Suppose the hedger rebalances every \(\delta t\) time units, for a total of \(N = T/\delta t\) rebalancing events.

Impact cost per rebalance: Each rebalance trades \(|Q_k| \approx |\Gamma| \cdot |\delta S_k|\) shares. Using the square-root impact model:

\[ \text{Impact per rebalance} \approx c \cdot \sigma \sqrt{\frac{|\Gamma \cdot \delta S_k|}{V \cdot \delta t}} \]

The expected total impact cost over \(N\) rebalances scales as:

\[ \text{Total Impact Cost} \propto N \times \mathbb{E}[\text{impact per rebalance}] \]

Since \(|\delta S_k| \approx \sigma \sqrt{\delta t}\) and \(N = T/\delta t\):

\[ \text{Total Impact Cost} \propto \frac{T}{\delta t} \times f(\Gamma \sigma \sqrt{\delta t}) \]

For a linear impact model (\(f(x) = \eta x\)):

\[ \text{Total Impact Cost} \propto \eta \Gamma^2 \sigma^2 \times \frac{T}{\delta t} \times \delta t = \eta \Gamma^2 \sigma^2 T \]

This is independent of \(\delta t\)!
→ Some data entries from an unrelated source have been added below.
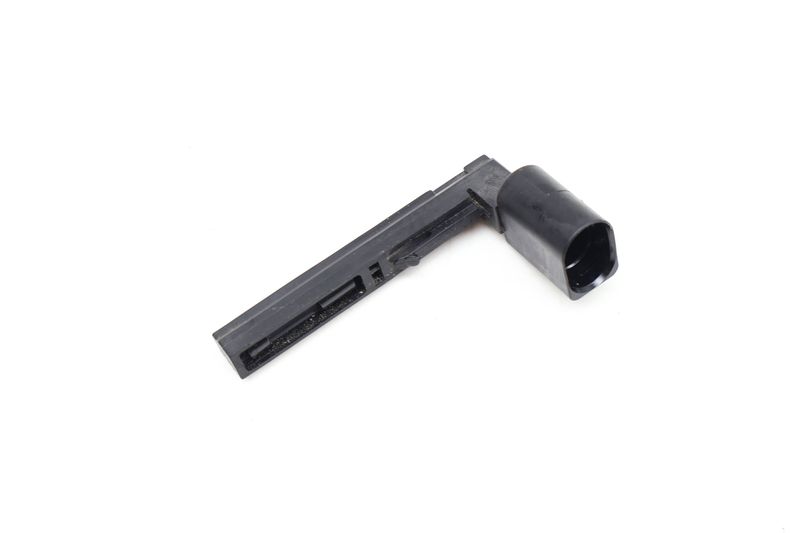 Brake Fluid Level Sensor 1S0611377 — Used (SKU 625760)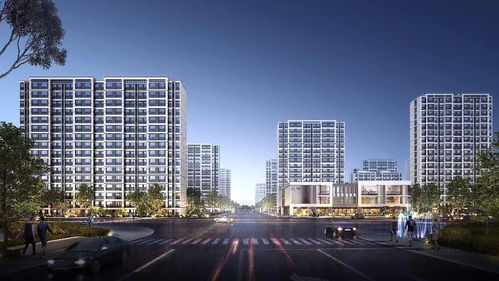 太原匯泰麗城3室2廳1衛(wèi)戶型深度解析 中瑞匯融的優(yōu)居之選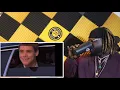 Rio Da Yung OG Rmc Mike INERGEE Reaction SUB SPONSOR
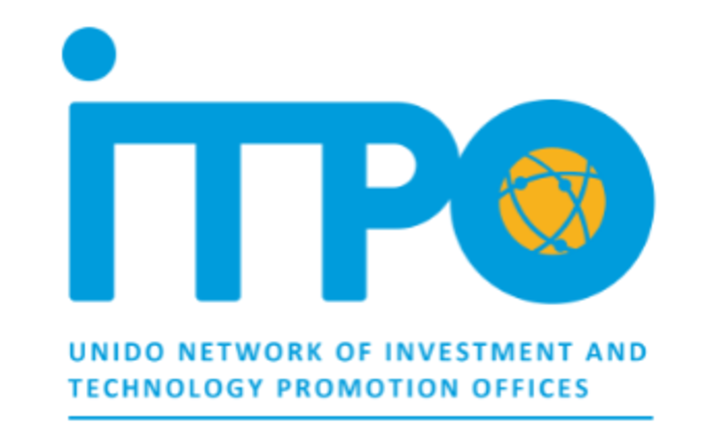 Red de Oficinas de Promoción de Inversiones y Tecnología (ITPO) de la ONUDI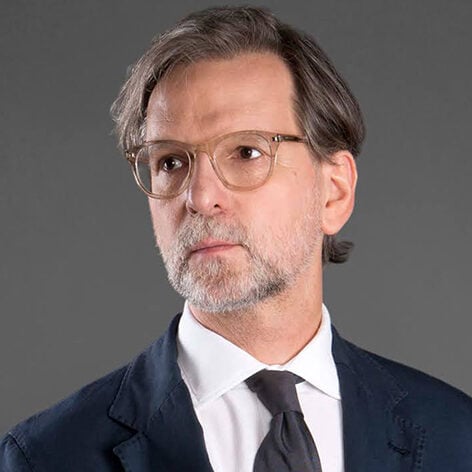 Andreas Daxberger photo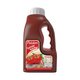 PUIDOR KETCHUP GALLON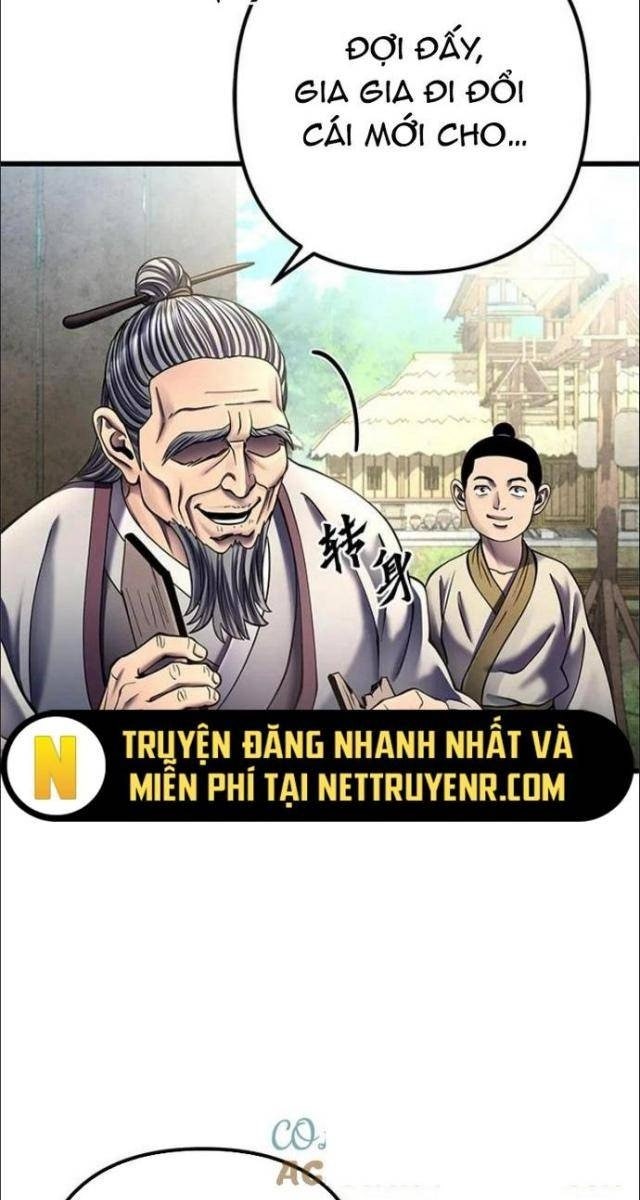 Con Trai Út Nhà Ha Buk Paeng - Page 7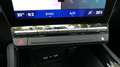 Renault Austral 1.2 200 HEV Full Hybrid Techno Blanc - thumbnail 12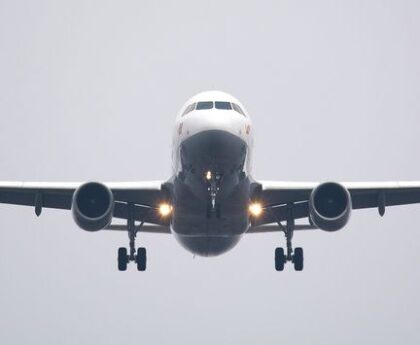 樂桃航空認賠！大阪機票「台幣變日幣」賺翻了樂桃航空,大阪機票,台幣變日幣,認賠,賺翻了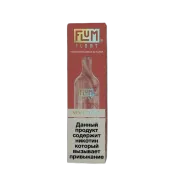 FLUM Float 4000 Арбуз 2%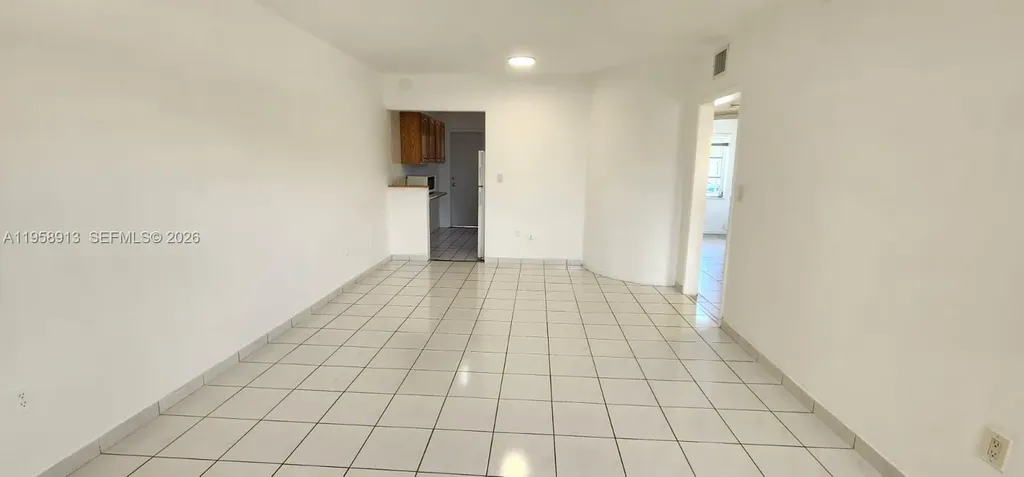 3670 SW 10th Street Miami FL 33135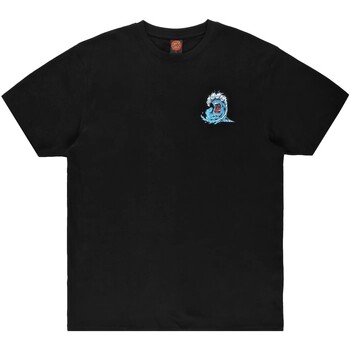 Santa Cruz  T-Shirt -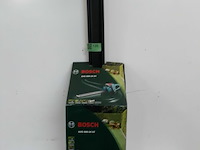 1 x heggenschaar ahs 600-24 lengte blad 60 cm knipt 24 mm 600w - afbeelding 2 van  3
However, for the more realistic square-root model:

\[ \text{Total Impact Cost} \propto \frac{T}{\delta t} \times \sqrt{\delta t} = T \times (\delta t)^{-1/2} \]
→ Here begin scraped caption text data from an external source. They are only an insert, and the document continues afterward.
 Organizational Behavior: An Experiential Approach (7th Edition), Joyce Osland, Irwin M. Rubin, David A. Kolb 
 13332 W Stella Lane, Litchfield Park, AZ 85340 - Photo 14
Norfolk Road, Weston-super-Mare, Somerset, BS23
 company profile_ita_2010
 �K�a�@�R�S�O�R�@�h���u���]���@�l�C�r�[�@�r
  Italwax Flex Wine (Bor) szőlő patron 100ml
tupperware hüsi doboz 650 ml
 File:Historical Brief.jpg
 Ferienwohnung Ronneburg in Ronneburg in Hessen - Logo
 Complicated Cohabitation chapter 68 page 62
which increases as \(\delta t \to 0\) (more frequent rebalancing).

Hedging error (tracking error):

The discrete hedging error arises from gamma exposure between rebalancing times:

\[ \text{Hedging Error} \approx \frac{1}{2} \Gamma (\delta S)^2 - \Theta \cdot \delta t \]

The variance of the total hedging error over \(T\) scales as:

\[ \text{Var}[\text{Total Hedging Error}] \propto \Gamma^2 \sigma^4 \cdot \delta t \cdot T \]

This decreases as \(\delta t \to 0\) (more frequent rebalancing reduces tracking error).

Optimal trade-off:

The total cost of hedging combines impact costs and hedging error risk:

\[ \text{Total Cost} = \underbrace{A \cdot (\delta t)^{-1/2}}_{\text{impact cost}} + \underbrace{\lambda \cdot B \cdot \delta t}_{\text{risk penalty from hedging error}} \]

where \(A\) and \(B\) are constants depending on \(\Gamma\), \(\sigma\), \(T\), and market parameters, and \(\lambda\) is risk aversion.

Minimizing with respect to \(\delta t\):

\[ \frac{d}{d(\delta t)}\left[A(\delta t)^{-1/2} + \lambda B \cdot \delta t\right] = -\frac{A}{2}(\delta t)^{-3/2} + \lambda B = 0 \]
\[ \delta t^* = \left(\frac{A}{2\lambda B}\right)^{2/3} \]

Key insights:

  • The optimal rebalancing frequency is finite -- neither continuous nor zero.
  • Higher market impact costs (larger \(A\)) favor less frequent rebalancing.
  • Higher risk aversion or larger gamma (larger \(\lambda B\)) favor more frequent rebalancing.
  • Higher volatility increases both the impact cost per rebalance (more shares to trade) and the hedging error (larger price moves), making the trade-off sharper.
  • In practice, hedgers also use "hedging bands" (rebalance only when delta deviates by more than a threshold), which further reduces unnecessary trades while controlling tracking error. The Whalley-Wilmott (1997) asymptotic result gives the optimal bandwidth as proportional to \((\text{transaction cost})^{1/3}\).